We need to promote African content to preserve our culture

There is a revolution going on right now shifting how we consume content and how it is created and that shift is expected to stay for years to come.

In Africa, Storytellers are finding new ways of packaging their message, to expressing how we as a human race feel, how we document our history, create and celebrate our heroes and imagine the future – through words, music, and film.

This year, there have been fewer skills as important as ensuring positive and cohesive societal response.

Over the years, storytelling has been used as a tool of weaving society together and has played a key role in making people more human and by amplifying values like empathy, kindness, and justice.

One thing I have seen happen, is more people have found more time to read, watch documentaries, and learn from heroes the world has celebrated. There has been an understanding that strong societies find solidarity and solace in their heroes.

In Africa, we are told we are lucky to live in a special place. I mean the youngest continent on earth, home to some of the fastest-growing economies, an increasingly educated and exposed population, yet, we cannot find the time to look up and remember just how special the continent is.

Regrettably, we as Africans and especially African media still ride on the old narrative of a bleeding Africa. A colonial mindset of a continent in need of saving and redemption, yet we just need more faith, more belief that we can, more examples of those who made it, and boy don’t we have them in plenty.

Think for example of the incredible story of Chief Teresa Kachindamoto of Dedza District in Malawi. While millions of dollars are poured into the continent every year for campaigns against FGM and ending child marriage, this Malawian matriarch earned the title of the marriage terminator for her effective methods in ending over 2,000 child marriages in her county at least by early 2020.

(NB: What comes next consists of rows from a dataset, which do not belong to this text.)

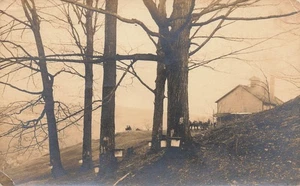 LP65 St Johnsbury Vermont Maple Sugar Trees 1922 RPPC Postcard - Bild 1 von 2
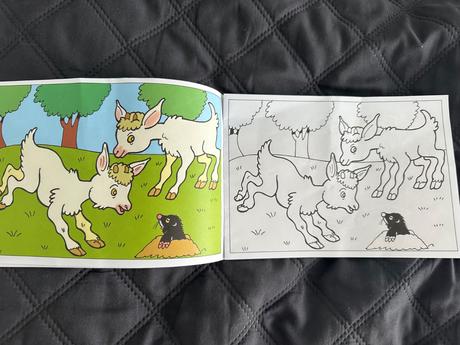 Omaľovánka mláďatká, 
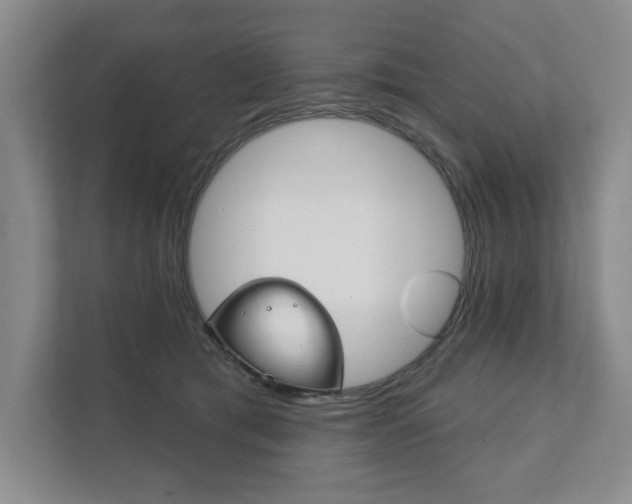 X0000111940417200907271018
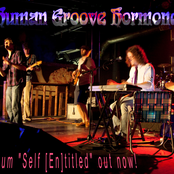 human groove hormone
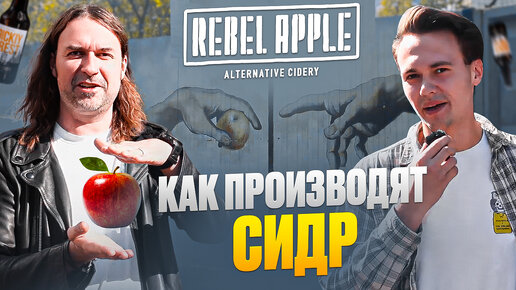 Как производят сидр | обзор сидрерии REBEL APPLE – от яблока до бутылки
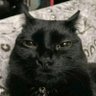 Profilbild von Cat of Infinite Wisdom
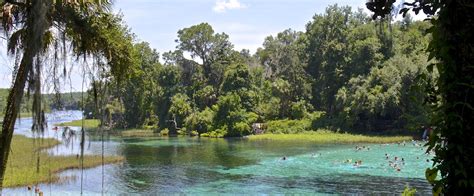 Springs of Rainbow Springs | Florida State Parks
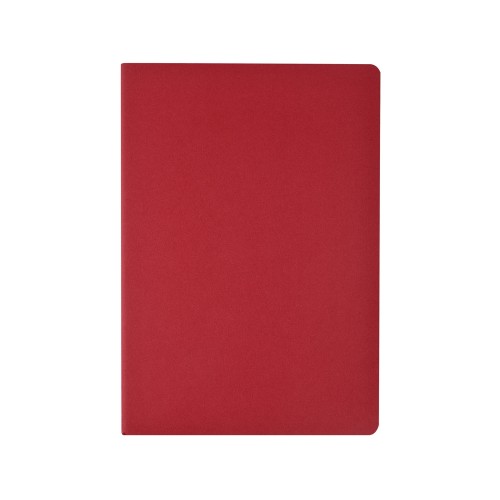 Бизнес-тетрадь А4 "Pragmatic",  40л., клетка, красный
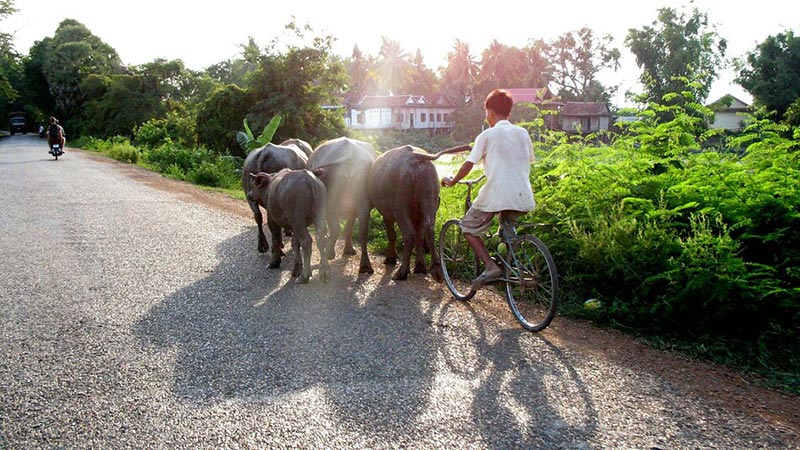 cambodia-kratie-local-life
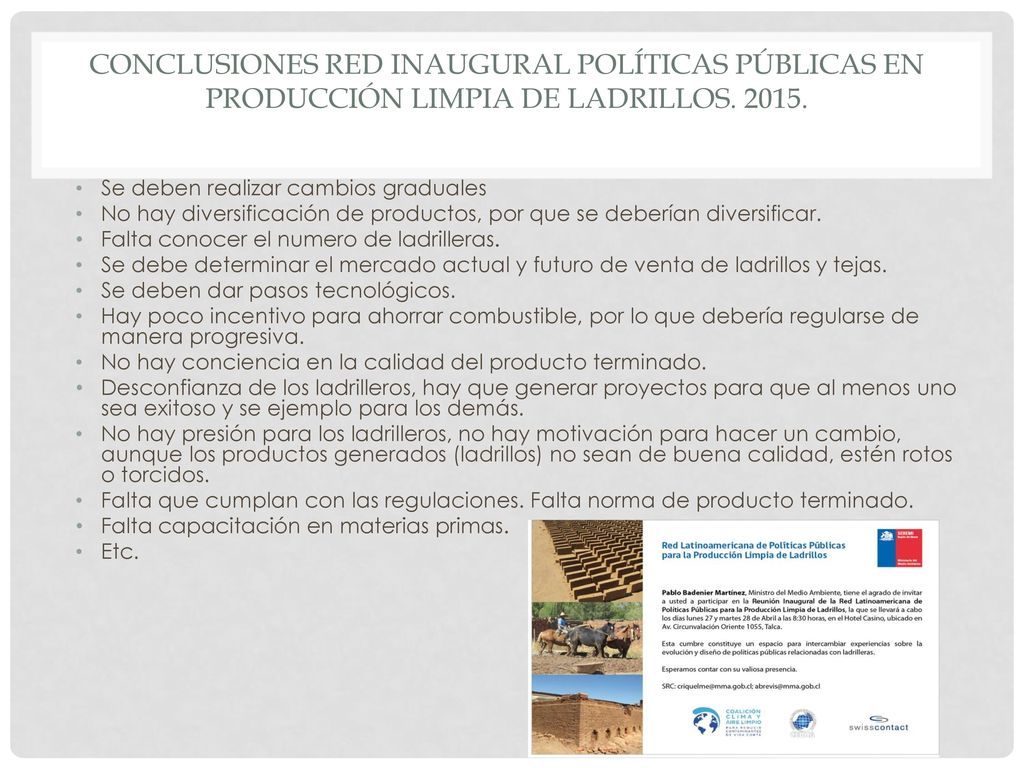 Conclusiones Red Inaugural Políticas Públicas en Producción Limpia de Ladrillos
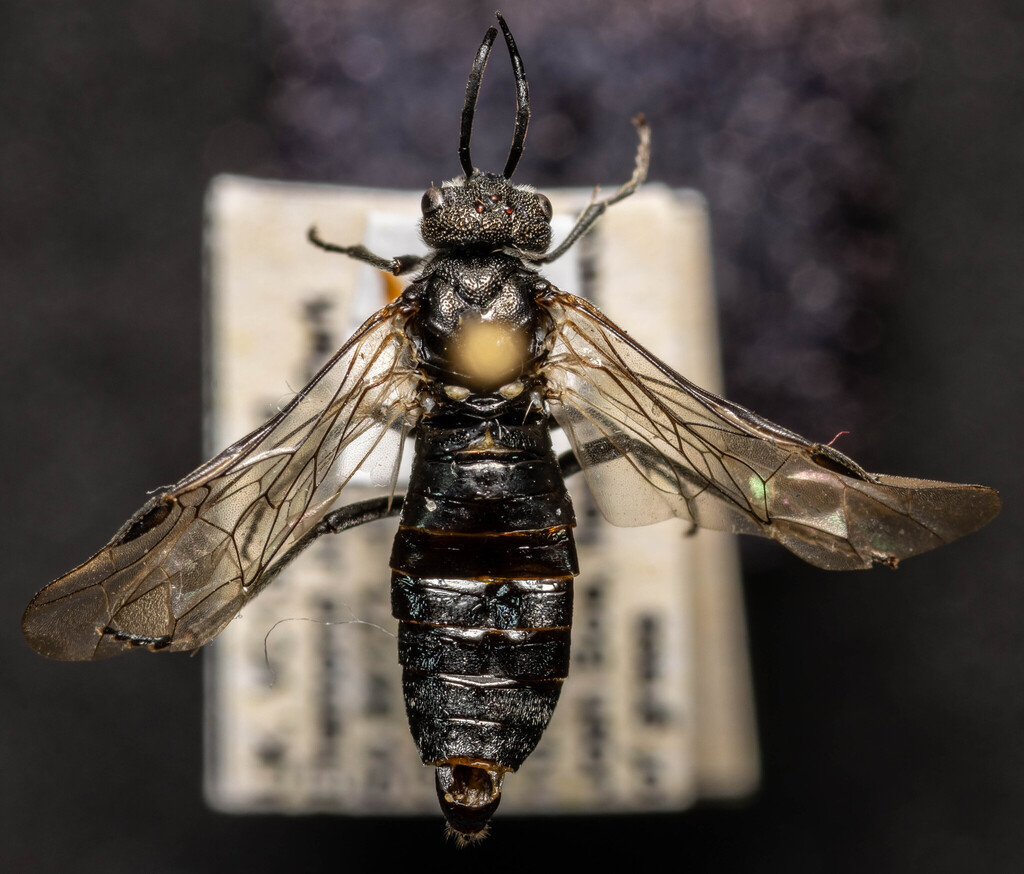 Dolerus varispinus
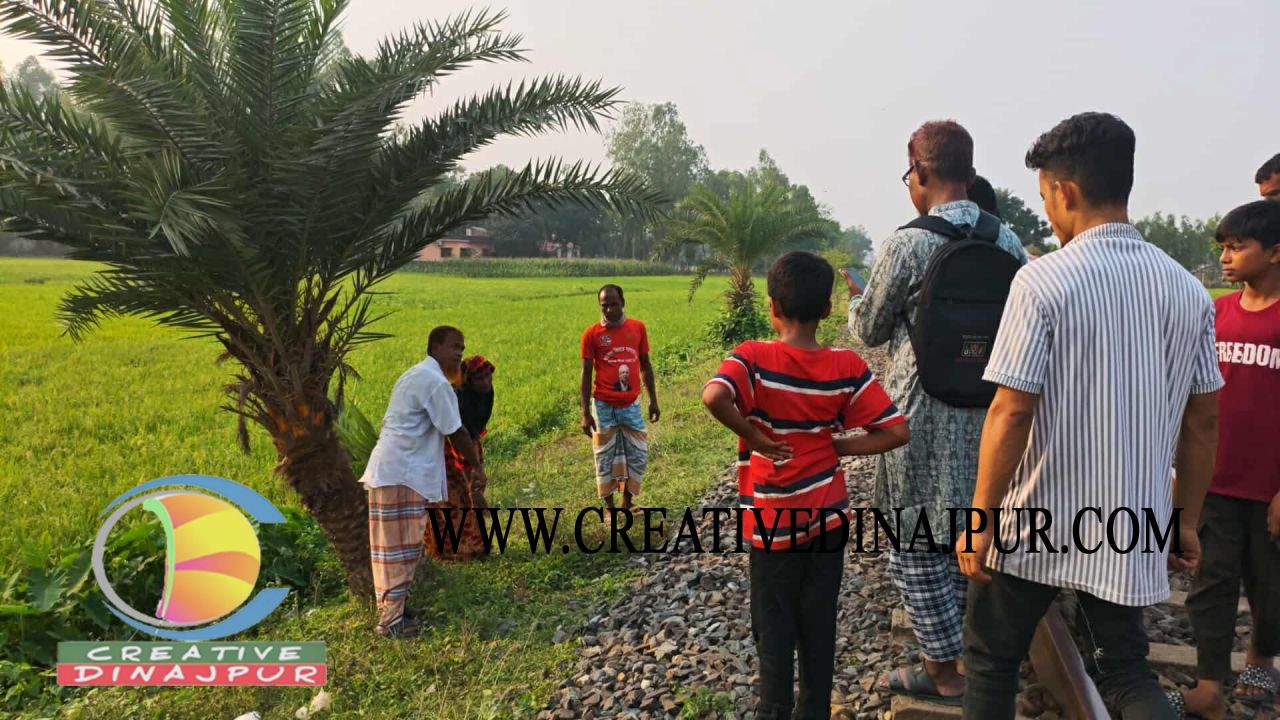 রেললাইনে ট্রেনের ধাক্কায় বৃদ্ধার মৃত্যু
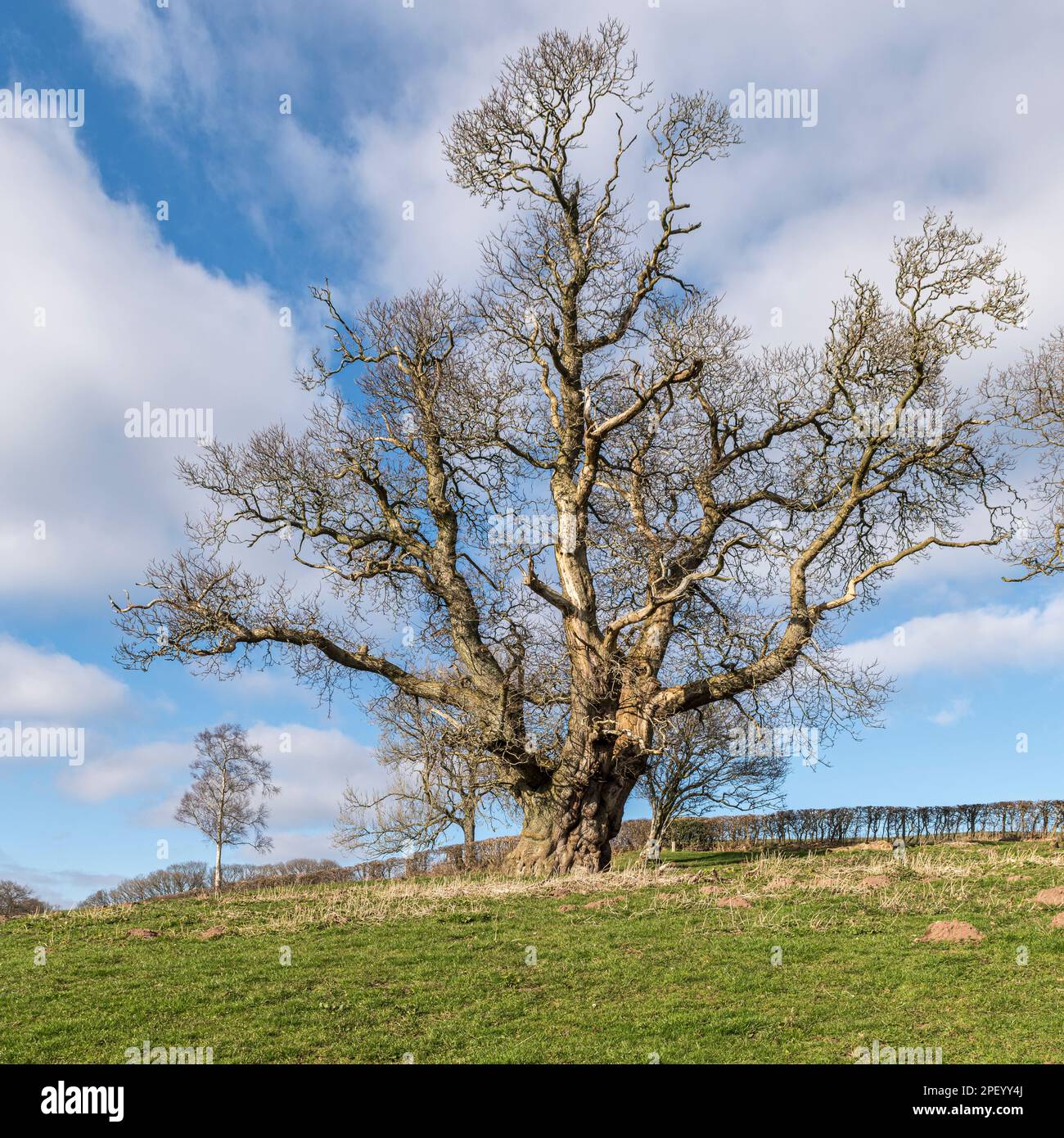 Un énorme vieux châtaignier (Castanea sativa), un arbre de 'teran' d'environ 350 ans. Stonewall Hill, Powys, Royaume-Uni, sur la frontière gallois-anglais Banque D'Images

If not Malawi then the indomitable spirit of Ken Sarowiwa who serves as an inspiration to environmentalists and land rights campaigners on the continent. Although assassinated by a brutal government regime, Ken is remembered for his fight against international oil corporations and the Nigerian government to clean up the environmental disaster in the Ogoni land of the Niger delta.

These are heroes whose stories have very relevant lessons to the present day and tomorrow Africa. Sadly, these stories do not get enough coverage. While it’s true, producing these stories is a costly affair, it's time media houses thought of collaborations as a way of feeding their audience with content that speaks to their hearts.  As African media organizations, be it broadcast, digital, or print, we have long assumed that all our audience thirst for is politics and cheap entertainment, but the tide is changing, because there is a disruption.

Although media remains a critical tool for the dissemination of information, the consumers of content are increasingly becoming picky. With the digital media burst and a growing internet penetration around Africa, audiences realize they have freedom of choice on the content they want to consume. They are educated to carefully choose facts from fiction and filter negative from positive and time-worthy content. This change has brought into focus the media’s role in agenda-setting and is causing a shift for media managers to cater more to the needs of the changing taste of their audience.  

This trend is not about to stop and so the sooner the broadcasters change their focus to publish more educative, informative, and well told stories, we will continue losing the eyeballs and shrinking the market share both on TV and our digital portfolios.

To effectively cater to the growing economies on the continent, information is power. Credible information is even more important. While data, the driven approach continues to help businesses and to take decisive steps in their growth strategy.